The new facility of consumer communication, a polarized political environment, the spate of divisive policies and statements from the president, and a trend toward lifestyle branding have combined to force companies to take positions in the political arena. “There’s been a shift in the level of awareness by corporations of what’s at stake at this moment and what it means to tie their brand to this administration,” said Arisha Hatch, managing director of campaigns for Color of Change. “In 2016 we saw a lot of people staying on the bench. Now I think there’s an active conversation going on inside corporations across the country about how they’re going to show up.”

Hatch’s hunch was verified at the meeting last month of the Darden Leadership Communications Council, an organization of about 40 communications professionals from Fortune 500 companies, trade media and academia convened by the University of Virginia’s Darden School of Business. “This particular topic—companies and [industry] leaders raising their voices around social and political issues—dominated discussions at our meeting,” said Steve Soltis, executive in residence at the school’s Management Communication Area. The movements have forced companies to figure out when it’s appropriate to step into debates, and how, Soltis said.

“In the Trump era, there is no neutrality,” said Adam Duhachek, professor of marketing at Indiana University’s Kelley School of Business. A major reason companies have found themselves grappling with the question is the recent trend toward lifestyle branding, he said. “As a natural consequence of companies adopting lifestyle branding as a key strategy to differentiate themselves, they’re going to have to take a stand,” Duhachek said. Once companies position themselves as aligned with the values of consumers, he said, they’re often pushed into the political arena to prove themselves. This presents risks for large companies, Soltis said: “We live in this fractured political world and if you come out on issues that are really wedged, you’re going to upset a large contingent of your consumer base.”

Carusone pointed to a petition to get Macy’s to drop Trump’s clothing line from its stores after, among other divisive statements, he began peddling the lie that President Obama was born in Kenya, and thus ineligible for the presidency, as an example of the risk inherent in lifestyle branding. The petition garnered 600,000 signatures in just a couple of weeks, Carusone said. “The reason people responded to it was because Macy’s had a particular brand about wholesomeness, and was associated with these holidays like Thanksgiving and the Fourth of July, so there was a real contrast between the syrup and nostalgia Macy’s was presenting and having this strong relationship with someone engaging in bigoted bullying,” Carusone said. “Once you invest more in building relationships with customers, that creates the expectation that you’re going to behave in certain ways—so when you don’t, you have a problem.”

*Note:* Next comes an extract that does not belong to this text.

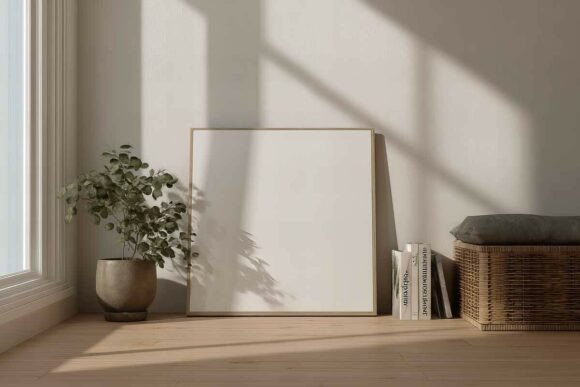 Download Blank Poster Canvas Mockup in Interior - Mockup Collection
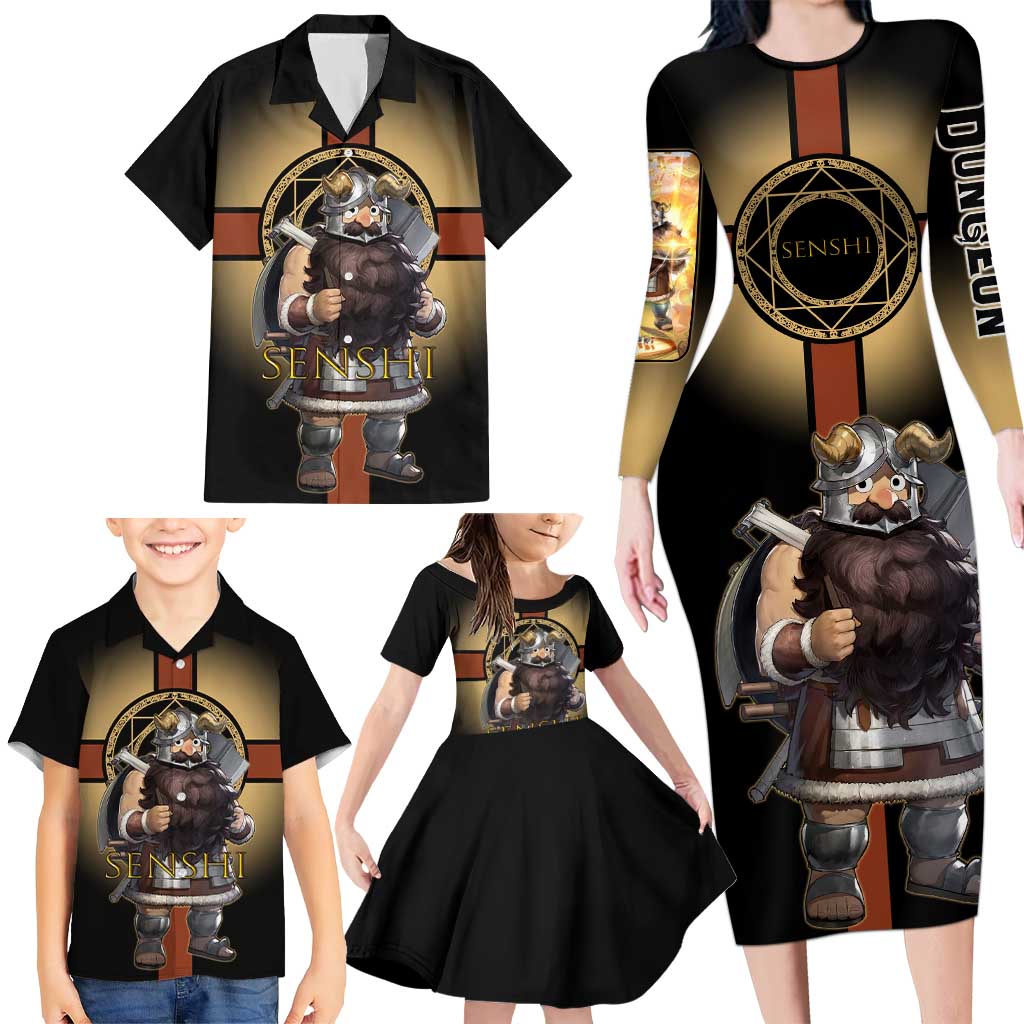Senshi Viking Warrior Family Matching Long Sleeve Bodycon Dress and Hawaiian Shirt Fantasy Game Art Style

Efforts on the left seem to be more organized and more targeted than efforts on the right—and that makes them more successful. Sean Hannity, for instance, used his Fox News show to defend Alabama Senate candidate and accused child predator Roy Moore. Media Matters responded with a campaign successfully pressuring brands, including Keurig Beverages, to pull advertising. Hannity’s supporters then posted videos online showing them smashing their Keurig coffee makers. The company expressed regret over how its decision had been communicated but did not reverse it.

In contrast, the Center for Popular Democracy’s strategy of bypassing corporate feedback channels with its Backers of Hate site is “brilliant,” said public relations executive Wynne. Rather than publicly post company officials’ email addresses, the center acts as a go-between and forwards readers’ complaints directly to the executives — shielding the organization from accusations of revealing private information.

“When the conversation becomes about left versus right, it gives corporations permission to stay on the sidelines,” Color of Change’s Hatch said. “But when it’s framed as right versus wrong or dangerously impacting certain communities, our moral authority is much stronger. Executives are asking themselves, when the history books are written, how will they have shown up.”